As I pointed out in my March review, the V Star 1300 Deluxe cribs the look, dimensions and amenities of a heavyweight bagger, but does so with a 1304cc engine, keeping its weight and cost low. The seat height and wheelbase are comparable to the aforementioned Stratoliner Deluxe, but the V Star 1300 Deluxe’s light weight and low price adds maneuverability and a wide range of rider accessibility to a segment that’s often, ahem, weighed down by Baby Boomer stigma.
Look, it’s not an overwhelming ride or a groundbreaking technical marvel. Rather, the Star won this shootout by performing well in nearly every category on the Motorcycle.com Scorecard. Star has provided Bagger Nation with an affordable, quality bagger that most any motorcyclist can afford. It’s comfortable and fleshed out, with touring standards like copious cargo capacity, roomy floorboards and nice passenger accommodations, in addition to the obvious wind protection advantages a batwing provides.
“In a group of budget-minded touring-cruisers,” Tom says, “Star’s zumo with GPS navigation, XM satellite radio and two fairing-mounted speakers stand out against the technology-devoid offerings from Honda and Suzuki.”
But beyond the batwing and its benefits the other tourers here cannot claim, the V Star 1300 Deluxe also delivered on riding and technical merits. Its dual front discs handily gave it the best Braking score of the three. Thanks to a light clutch pull, plush seat, wide levers and the wind protection offered by the batwing, the bike’s performance in the Ergonomics/Comfort department proved superior as well, netting 29 out of 30 possible points.
“With the best wind protection of the group and the second best seat of the group I could easily spend the most time aboard the V Star,” Tom says. “And if I’m doing the long haul to Sturgis, the zumo, with its XM satellite radio, would make a nice traveling companion.”

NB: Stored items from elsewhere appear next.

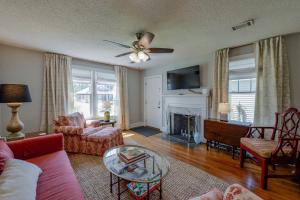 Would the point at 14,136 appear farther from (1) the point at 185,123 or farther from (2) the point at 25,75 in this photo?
(1) the point at 185,123

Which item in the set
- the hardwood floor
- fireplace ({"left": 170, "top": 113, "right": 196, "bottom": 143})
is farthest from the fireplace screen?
the hardwood floor

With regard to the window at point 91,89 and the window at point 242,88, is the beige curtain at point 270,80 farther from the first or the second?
the window at point 91,89

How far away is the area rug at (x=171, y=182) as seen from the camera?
1724 millimetres

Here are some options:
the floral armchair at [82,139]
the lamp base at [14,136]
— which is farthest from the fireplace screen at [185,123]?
Answer: the lamp base at [14,136]

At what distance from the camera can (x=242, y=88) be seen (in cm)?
313

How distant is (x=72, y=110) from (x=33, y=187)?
Answer: 3.01 metres

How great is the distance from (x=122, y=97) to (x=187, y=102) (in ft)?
7.39

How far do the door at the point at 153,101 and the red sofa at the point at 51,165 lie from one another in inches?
132

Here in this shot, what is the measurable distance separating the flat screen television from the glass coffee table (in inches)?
96.4

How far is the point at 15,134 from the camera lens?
2252 mm

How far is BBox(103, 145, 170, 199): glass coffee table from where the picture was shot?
1485 mm

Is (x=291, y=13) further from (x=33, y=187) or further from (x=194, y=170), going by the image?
(x=33, y=187)

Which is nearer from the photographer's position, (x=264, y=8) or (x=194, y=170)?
(x=264, y=8)

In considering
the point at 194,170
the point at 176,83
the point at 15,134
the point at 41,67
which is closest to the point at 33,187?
the point at 15,134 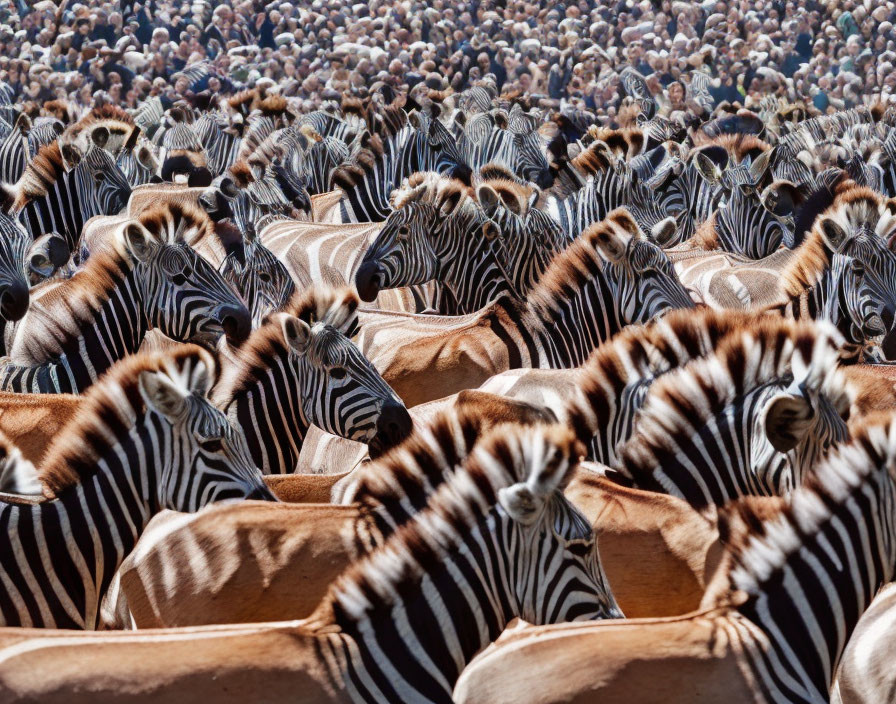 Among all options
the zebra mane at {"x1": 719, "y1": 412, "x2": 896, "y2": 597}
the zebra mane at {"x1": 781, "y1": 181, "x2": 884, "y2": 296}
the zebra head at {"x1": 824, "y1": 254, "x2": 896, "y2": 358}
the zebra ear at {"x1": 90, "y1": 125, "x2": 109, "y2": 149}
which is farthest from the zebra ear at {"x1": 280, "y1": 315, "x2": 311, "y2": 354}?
the zebra ear at {"x1": 90, "y1": 125, "x2": 109, "y2": 149}

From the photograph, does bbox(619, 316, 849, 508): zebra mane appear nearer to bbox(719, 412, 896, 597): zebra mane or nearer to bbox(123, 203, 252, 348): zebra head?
bbox(719, 412, 896, 597): zebra mane

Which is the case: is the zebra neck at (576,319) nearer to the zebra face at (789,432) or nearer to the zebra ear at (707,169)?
the zebra face at (789,432)

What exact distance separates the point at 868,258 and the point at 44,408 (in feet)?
15.7

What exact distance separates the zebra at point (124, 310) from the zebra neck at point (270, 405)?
3.73 ft

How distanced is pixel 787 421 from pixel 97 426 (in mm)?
2463

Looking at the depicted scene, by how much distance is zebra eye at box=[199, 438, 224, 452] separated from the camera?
4.92m

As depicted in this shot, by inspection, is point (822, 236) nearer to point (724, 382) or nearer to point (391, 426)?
point (391, 426)

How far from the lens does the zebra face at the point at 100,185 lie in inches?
508

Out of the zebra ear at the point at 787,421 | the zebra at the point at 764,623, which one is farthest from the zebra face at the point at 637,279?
the zebra at the point at 764,623

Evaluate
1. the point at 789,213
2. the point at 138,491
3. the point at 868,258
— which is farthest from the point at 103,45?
the point at 138,491

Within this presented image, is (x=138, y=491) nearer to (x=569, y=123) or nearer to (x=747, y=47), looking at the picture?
(x=569, y=123)

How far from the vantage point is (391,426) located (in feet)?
20.4

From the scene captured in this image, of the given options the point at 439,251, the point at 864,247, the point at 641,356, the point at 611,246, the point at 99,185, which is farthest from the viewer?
the point at 99,185

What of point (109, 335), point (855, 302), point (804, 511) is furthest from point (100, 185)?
point (804, 511) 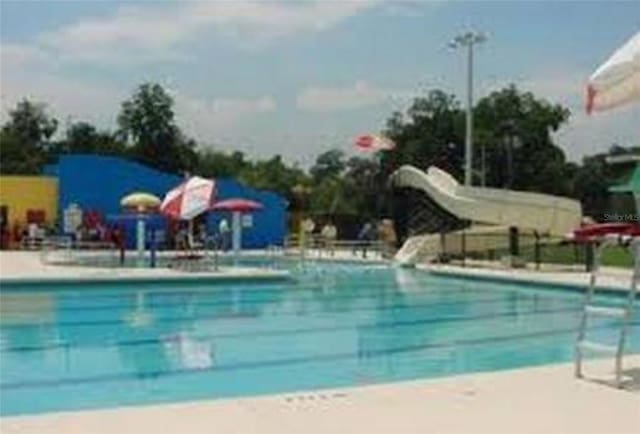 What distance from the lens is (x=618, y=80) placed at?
8.40 m

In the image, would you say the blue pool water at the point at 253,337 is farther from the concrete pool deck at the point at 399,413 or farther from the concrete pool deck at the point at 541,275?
the concrete pool deck at the point at 399,413

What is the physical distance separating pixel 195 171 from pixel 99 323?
47.5 metres

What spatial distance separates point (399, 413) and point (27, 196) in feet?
111

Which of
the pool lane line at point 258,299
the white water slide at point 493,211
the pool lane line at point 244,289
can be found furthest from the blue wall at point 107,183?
the pool lane line at point 258,299

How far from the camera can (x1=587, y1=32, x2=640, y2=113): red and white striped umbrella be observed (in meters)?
8.34

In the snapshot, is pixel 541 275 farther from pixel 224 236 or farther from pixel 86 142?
pixel 86 142

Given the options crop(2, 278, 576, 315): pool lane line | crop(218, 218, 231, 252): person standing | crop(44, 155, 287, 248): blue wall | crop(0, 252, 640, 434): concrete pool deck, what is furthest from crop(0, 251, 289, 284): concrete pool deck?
crop(0, 252, 640, 434): concrete pool deck

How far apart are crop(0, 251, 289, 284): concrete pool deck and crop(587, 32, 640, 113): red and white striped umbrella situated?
14.9 metres

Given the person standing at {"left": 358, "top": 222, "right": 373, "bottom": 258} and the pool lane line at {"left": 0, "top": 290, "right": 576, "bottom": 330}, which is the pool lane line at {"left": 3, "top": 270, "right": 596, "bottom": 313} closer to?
the pool lane line at {"left": 0, "top": 290, "right": 576, "bottom": 330}

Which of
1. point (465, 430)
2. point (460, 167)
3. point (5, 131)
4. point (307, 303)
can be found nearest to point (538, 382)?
point (465, 430)

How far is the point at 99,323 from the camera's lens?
16469 mm

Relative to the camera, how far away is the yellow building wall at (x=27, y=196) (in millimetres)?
39125

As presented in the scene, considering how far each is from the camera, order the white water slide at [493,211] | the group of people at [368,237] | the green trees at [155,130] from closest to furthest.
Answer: the white water slide at [493,211] → the group of people at [368,237] → the green trees at [155,130]

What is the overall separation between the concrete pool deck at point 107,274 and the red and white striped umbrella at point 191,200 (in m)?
1.53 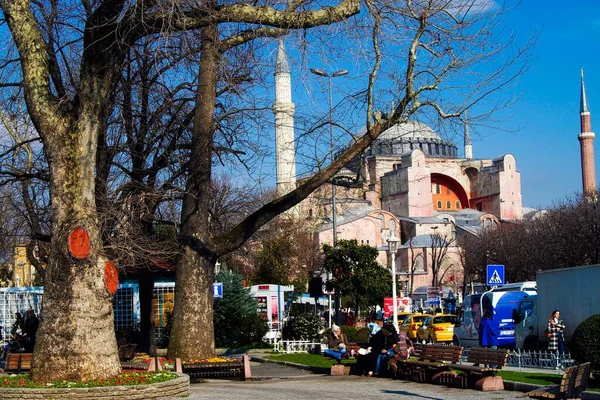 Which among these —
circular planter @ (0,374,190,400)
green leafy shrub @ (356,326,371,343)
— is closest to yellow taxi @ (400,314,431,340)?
green leafy shrub @ (356,326,371,343)

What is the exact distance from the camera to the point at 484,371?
51.2ft

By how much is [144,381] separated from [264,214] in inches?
219

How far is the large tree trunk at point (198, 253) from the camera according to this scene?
63.4 feet

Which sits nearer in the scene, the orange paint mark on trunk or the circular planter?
the circular planter

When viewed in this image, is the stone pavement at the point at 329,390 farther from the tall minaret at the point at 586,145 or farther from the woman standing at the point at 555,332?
the tall minaret at the point at 586,145

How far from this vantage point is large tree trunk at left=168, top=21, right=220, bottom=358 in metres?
19.3

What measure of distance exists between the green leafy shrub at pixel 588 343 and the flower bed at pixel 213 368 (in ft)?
23.7

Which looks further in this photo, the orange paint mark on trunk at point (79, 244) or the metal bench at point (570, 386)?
the orange paint mark on trunk at point (79, 244)

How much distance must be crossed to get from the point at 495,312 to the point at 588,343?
12.9 m

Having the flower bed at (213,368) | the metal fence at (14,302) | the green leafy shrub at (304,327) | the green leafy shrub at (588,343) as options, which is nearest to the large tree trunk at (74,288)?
the flower bed at (213,368)

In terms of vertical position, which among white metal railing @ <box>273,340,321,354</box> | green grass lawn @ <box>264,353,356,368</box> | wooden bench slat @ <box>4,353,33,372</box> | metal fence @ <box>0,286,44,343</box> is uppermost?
metal fence @ <box>0,286,44,343</box>

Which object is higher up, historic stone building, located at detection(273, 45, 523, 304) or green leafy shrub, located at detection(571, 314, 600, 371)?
historic stone building, located at detection(273, 45, 523, 304)

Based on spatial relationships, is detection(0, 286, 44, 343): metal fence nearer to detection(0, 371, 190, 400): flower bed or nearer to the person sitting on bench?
the person sitting on bench

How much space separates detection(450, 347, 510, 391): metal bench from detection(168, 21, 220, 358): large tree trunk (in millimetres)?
5560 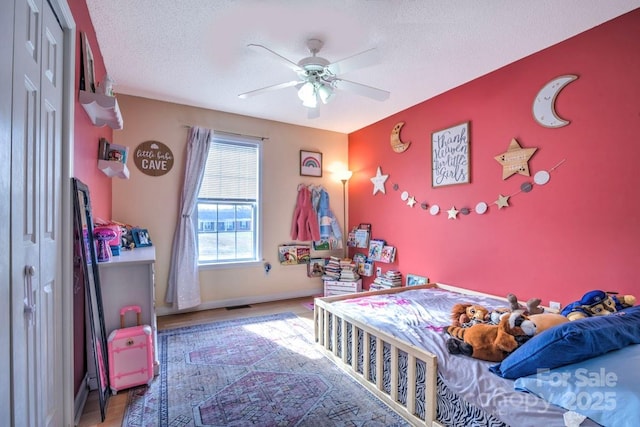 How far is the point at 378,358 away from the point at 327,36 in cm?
231

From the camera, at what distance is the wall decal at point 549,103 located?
2283 mm

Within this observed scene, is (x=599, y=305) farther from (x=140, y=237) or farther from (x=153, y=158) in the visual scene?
(x=153, y=158)

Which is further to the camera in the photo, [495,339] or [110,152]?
[110,152]

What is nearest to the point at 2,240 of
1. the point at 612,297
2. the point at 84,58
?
the point at 84,58

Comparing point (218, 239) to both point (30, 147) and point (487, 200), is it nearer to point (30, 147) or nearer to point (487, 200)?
point (30, 147)

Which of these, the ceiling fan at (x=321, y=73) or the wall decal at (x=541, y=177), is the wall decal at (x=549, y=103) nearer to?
the wall decal at (x=541, y=177)

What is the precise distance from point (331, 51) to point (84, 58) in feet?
5.57

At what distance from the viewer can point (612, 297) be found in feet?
5.93

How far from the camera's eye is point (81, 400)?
1824 mm

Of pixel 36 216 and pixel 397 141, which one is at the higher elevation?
pixel 397 141

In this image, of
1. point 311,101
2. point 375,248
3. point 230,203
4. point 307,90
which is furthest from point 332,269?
point 307,90

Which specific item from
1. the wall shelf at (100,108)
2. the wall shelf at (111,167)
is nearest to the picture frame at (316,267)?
the wall shelf at (111,167)

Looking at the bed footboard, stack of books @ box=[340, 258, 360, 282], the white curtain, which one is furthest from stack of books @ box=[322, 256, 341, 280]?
the white curtain

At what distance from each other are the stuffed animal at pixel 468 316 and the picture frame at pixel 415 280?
1203 millimetres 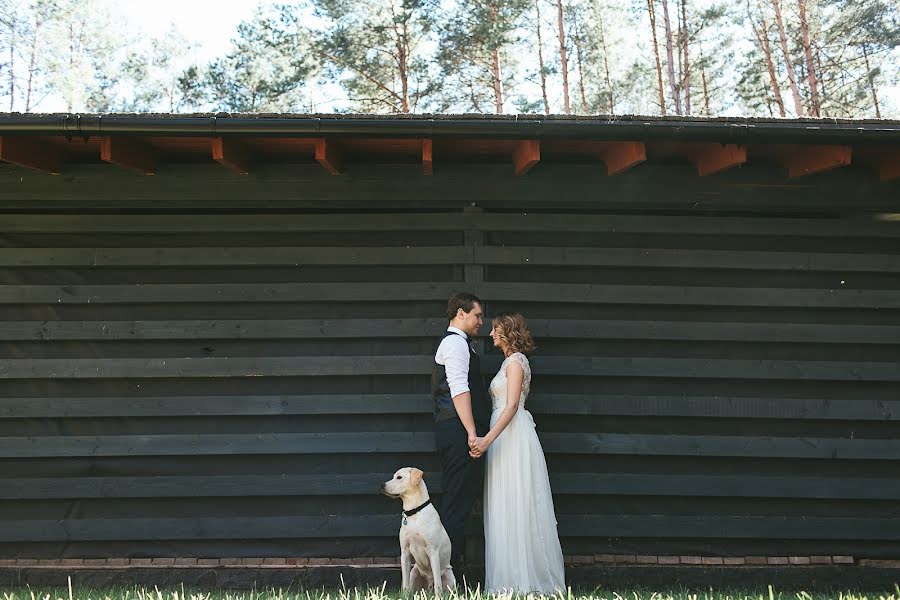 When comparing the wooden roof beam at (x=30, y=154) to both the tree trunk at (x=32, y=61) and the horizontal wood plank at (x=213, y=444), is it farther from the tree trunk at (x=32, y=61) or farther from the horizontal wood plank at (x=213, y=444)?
the tree trunk at (x=32, y=61)

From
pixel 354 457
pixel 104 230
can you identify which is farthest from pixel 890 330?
pixel 104 230

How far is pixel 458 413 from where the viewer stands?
513 centimetres

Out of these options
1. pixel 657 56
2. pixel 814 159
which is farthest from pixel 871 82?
pixel 814 159

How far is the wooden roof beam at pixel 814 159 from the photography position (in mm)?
5227

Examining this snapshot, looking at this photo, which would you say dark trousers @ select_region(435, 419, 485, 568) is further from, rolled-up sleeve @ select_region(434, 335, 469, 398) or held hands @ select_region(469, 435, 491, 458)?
rolled-up sleeve @ select_region(434, 335, 469, 398)

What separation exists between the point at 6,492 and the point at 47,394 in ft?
2.45

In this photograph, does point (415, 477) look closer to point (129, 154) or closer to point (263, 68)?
point (129, 154)

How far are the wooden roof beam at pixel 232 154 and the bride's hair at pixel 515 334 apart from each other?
216cm

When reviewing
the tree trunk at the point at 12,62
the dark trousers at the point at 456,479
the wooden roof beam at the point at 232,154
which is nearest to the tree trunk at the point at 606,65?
the tree trunk at the point at 12,62

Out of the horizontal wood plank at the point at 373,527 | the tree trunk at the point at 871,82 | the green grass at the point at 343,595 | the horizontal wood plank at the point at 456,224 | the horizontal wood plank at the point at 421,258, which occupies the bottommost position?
the green grass at the point at 343,595

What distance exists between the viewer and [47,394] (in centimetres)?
581

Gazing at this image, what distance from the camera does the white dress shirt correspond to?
5102mm

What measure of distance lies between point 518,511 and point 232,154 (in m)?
3.13

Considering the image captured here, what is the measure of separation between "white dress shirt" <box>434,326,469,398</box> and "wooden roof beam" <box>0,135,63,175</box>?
3.15 m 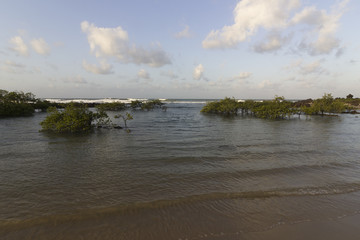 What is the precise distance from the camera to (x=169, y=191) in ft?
25.4

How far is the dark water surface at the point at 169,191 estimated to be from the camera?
5.58m

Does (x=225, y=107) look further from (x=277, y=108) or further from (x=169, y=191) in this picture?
(x=169, y=191)

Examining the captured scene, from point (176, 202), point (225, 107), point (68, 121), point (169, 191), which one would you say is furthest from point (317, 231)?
point (225, 107)

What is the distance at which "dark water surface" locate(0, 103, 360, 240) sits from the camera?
18.3 feet

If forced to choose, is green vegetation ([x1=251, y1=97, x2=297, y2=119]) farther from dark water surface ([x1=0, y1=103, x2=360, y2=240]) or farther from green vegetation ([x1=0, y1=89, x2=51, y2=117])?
green vegetation ([x1=0, y1=89, x2=51, y2=117])

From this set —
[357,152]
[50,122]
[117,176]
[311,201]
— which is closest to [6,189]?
[117,176]

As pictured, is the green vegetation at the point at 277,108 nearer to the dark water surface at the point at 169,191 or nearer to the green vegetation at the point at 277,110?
the green vegetation at the point at 277,110

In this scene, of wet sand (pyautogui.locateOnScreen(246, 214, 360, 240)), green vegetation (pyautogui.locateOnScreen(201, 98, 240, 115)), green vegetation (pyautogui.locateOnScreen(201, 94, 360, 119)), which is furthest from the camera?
green vegetation (pyautogui.locateOnScreen(201, 98, 240, 115))

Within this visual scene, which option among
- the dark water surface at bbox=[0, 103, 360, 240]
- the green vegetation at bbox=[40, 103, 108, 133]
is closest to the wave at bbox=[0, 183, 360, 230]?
the dark water surface at bbox=[0, 103, 360, 240]

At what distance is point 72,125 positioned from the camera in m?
21.0

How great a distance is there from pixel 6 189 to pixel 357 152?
2146 cm

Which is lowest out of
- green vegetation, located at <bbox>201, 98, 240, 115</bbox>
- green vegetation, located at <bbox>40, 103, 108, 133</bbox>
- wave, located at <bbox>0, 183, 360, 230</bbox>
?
wave, located at <bbox>0, 183, 360, 230</bbox>

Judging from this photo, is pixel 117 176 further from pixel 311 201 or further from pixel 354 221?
pixel 354 221

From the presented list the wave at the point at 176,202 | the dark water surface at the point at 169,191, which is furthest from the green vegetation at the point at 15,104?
the wave at the point at 176,202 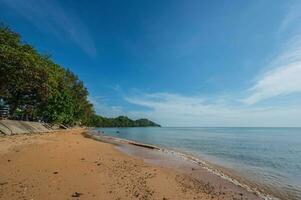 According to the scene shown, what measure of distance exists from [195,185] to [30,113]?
51.9 metres

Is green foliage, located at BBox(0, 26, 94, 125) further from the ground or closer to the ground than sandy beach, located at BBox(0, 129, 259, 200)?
further from the ground

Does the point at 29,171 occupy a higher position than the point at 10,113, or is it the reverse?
the point at 10,113

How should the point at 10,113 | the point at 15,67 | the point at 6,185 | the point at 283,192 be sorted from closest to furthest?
1. the point at 6,185
2. the point at 283,192
3. the point at 15,67
4. the point at 10,113

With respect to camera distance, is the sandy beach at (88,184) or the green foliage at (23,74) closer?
the sandy beach at (88,184)

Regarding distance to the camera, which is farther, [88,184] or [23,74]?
[23,74]

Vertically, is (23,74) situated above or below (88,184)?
above

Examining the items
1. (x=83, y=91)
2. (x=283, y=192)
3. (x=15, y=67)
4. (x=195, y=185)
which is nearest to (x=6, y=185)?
(x=195, y=185)

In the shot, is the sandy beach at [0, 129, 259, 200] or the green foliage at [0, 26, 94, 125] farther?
the green foliage at [0, 26, 94, 125]

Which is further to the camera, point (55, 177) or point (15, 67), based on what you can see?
point (15, 67)

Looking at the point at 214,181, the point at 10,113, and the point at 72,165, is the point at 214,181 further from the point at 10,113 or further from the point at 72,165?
the point at 10,113

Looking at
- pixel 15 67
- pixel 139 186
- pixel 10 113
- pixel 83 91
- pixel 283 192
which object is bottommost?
pixel 283 192

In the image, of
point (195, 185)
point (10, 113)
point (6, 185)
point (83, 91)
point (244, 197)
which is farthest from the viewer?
point (83, 91)

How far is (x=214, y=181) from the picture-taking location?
13438 mm

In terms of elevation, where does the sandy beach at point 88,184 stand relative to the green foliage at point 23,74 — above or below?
below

Beyond winning the above categories outright, the Star performed consistently well up and down the roster, earning a solid second place in Engine, Transmission, Handling, Suspension and Instrumentation. It had zero third-place finishes on our Scorecard, suffering only in the Tech category because of the lack of optional ABS and cruise control – demerits it shared with the Suzuki. In the end, the Star achieved the highest overall marks on the Motorcycle.com Scorecard, notching 86.25%, while the Suzuki earned 80.89% and the Honda, 70.29%.
Let’s be clear: the Vee-Dee wasn’t without its foibles. We lamented the obvious placement of the evaporative emissions box hanging out like a wart. And some riders might like its windscreen to be a few inches shorter. And we all wish Star offered ABS and cruise control as optional equipment on the bike. But as for serious beefs, the Star was involved in fewer discussions among the jury than the other two bikes.
At $13,690, the Vee-Dee boasts the lowest MSRP in this comparison, although the base-model Honda Interstate without ABS is cheaper, at $13,240. The Star’s value proposition is striking, considering it offers true bagger styling, the best wind protection and largest saddlebags in the group, plus the navi system the others lack.
The V Star Deluxe’s value becomes even more outstanding when you consider how well it performed versus the competition. All day long, Kevin, Tom and I kicked around the pros and cons of the Interstate and the B.O.S.S., pointing out benefits of one and the drawbacks of the other at every stop. Meanwhile, the V Star 1300 Deluxe just led by example, doing it all and delivering the goods with the quiet confidence of a class leader.
“The Deluxe is a very well-rounded package, with few nits to pick,” Duke concludes. “It feels Goldilocks-y – a nice balance between the chopper-esque Interstate and the bigger-boned C90T.”